Elee Kraljii Gardiner is a frequent collaborator with choreographers, musicians, sound and visual artists. She is the author of the poetry books sometimes, forest, Trauma Head, and serpentine loop and editor of the anthologies Against Death: 35 Essays on Living and V6A: Writing from Vancouver’s Downtown Eastside (with John Asfour) as well as nine anthologies from Thursdays Writing Collective, a program she founded with Downtown Eastside writers in 2008. Elee holds an MA in Hispanic Literature from University of British Columbia and an MFA in Poetry from Institute of American Indian Arts. She is the recipient of the Cogswell Award for Literary Excellence, Lina Chartrand Award for Social Justice and the Pandora’s Collective BC Writer Mentor Award. Her writing has been a finalist for the Souster Award, Kroetsch Award, bpNichol Chapbook Award, Best of the Net, City of Vancouver Book Award and in the US for the Eric Hoffer Grand Prize and Montaigne Medal. Elee co-hosts the Whole Cloth reading series at University of British Columbia’s Green College with Dr. Bronwen Tate and also directs Vancouver Manuscript Intensive, an online international program pairing authors with mentors. She is the seventh Poet Laureate of Vancouver.
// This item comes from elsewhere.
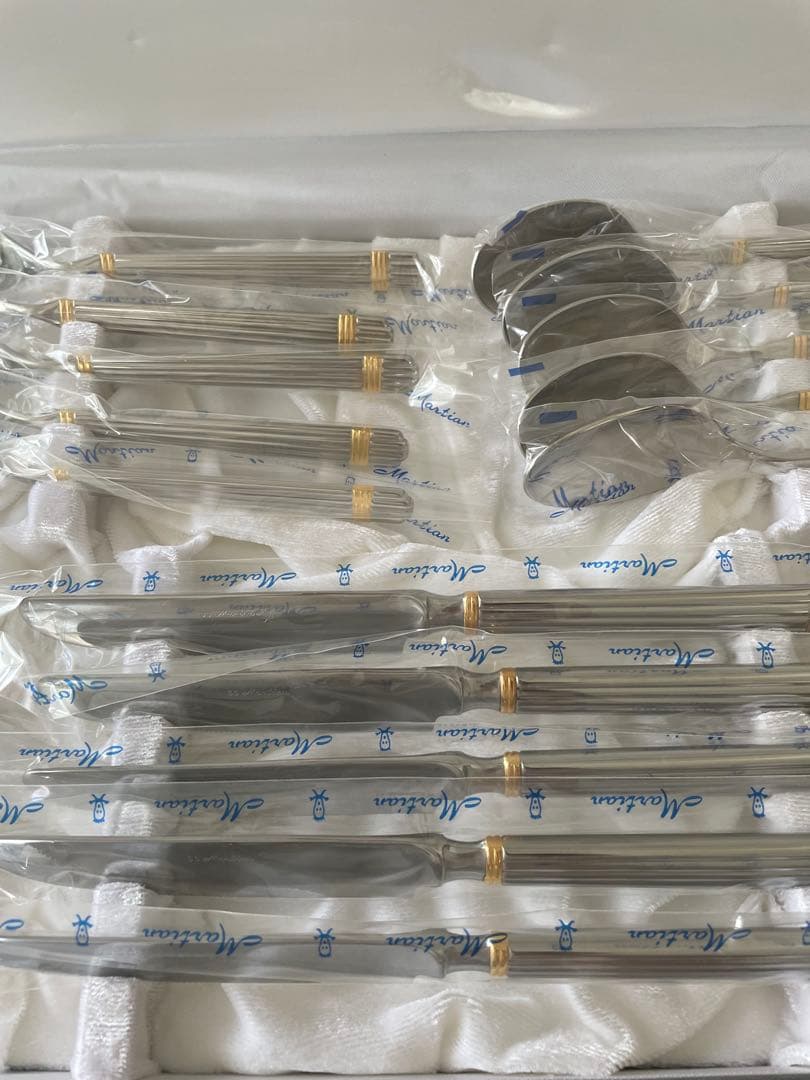 未使用　マーシャンpatra カラトリー　ディナーセット　25本セット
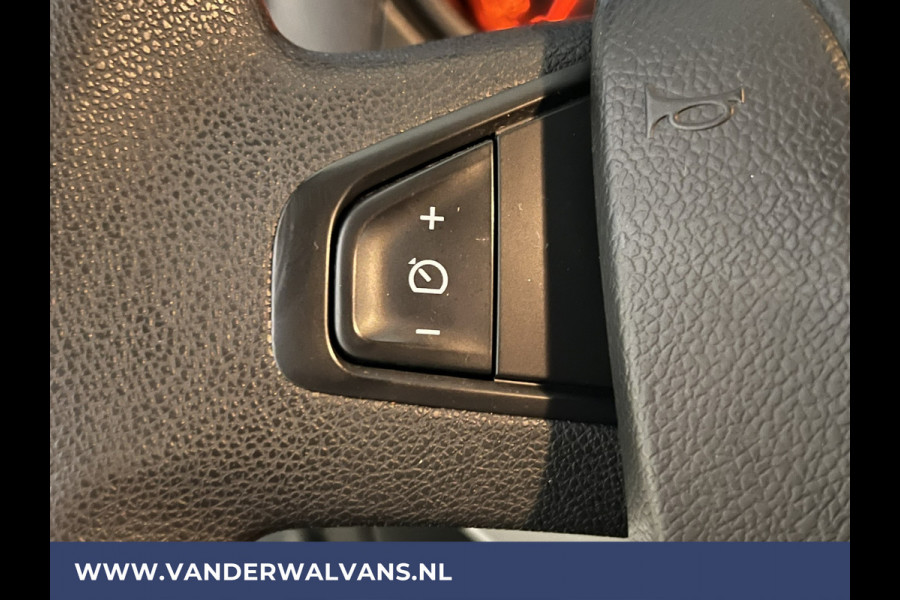 Opel Movano 2.3 CDTI L2H2 Euro6 Airco | Navigatie | Cruisecontrol | Parkeersensoren Bijrijdersbank, 2500kg Trekvermogen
bronwyn preece is honoured to have the privilege of living on the unceded traditional territories of the L̓il̓wat7úl and Sḵwx̱wú7mesh Úxwumixw Peoples in Whistler, BC. This awareness brings with it many levels of responsibility, humbleness, transparency and collaborative possibilities. She is a site-sensitive poetic-renegade and multi-disciplinary, community-engaged arts practitioner. She holds a PhD in Performance, along with a MA and BFA in Applied Theatre. She has taught and performed internationally. Her publications range from place-based children’s books, articles to artistic academic chapters. She is the author of knee deep in high water : riding the Muskwa-Kechika, expedition poems (Caitlin Press, 2023); Sea to Sky Alphabet (Simply Read Books, 2024); Gulf Islands Alphabet (Simply Read Books, 2012) and the forthcoming Olive and Jasper, Canadian Rockies Alphabet and My Happy Hiking Trails, all with Simply Read Books. All of her artistic and educational work aims towards cultivating place-based awarenesses and small acts of reconciliatory repair. bronwyn is an avid, solo, backcountry backpacker and hiker who writes on the trail. She has the word ‘gratitude’ tattooed on her arm.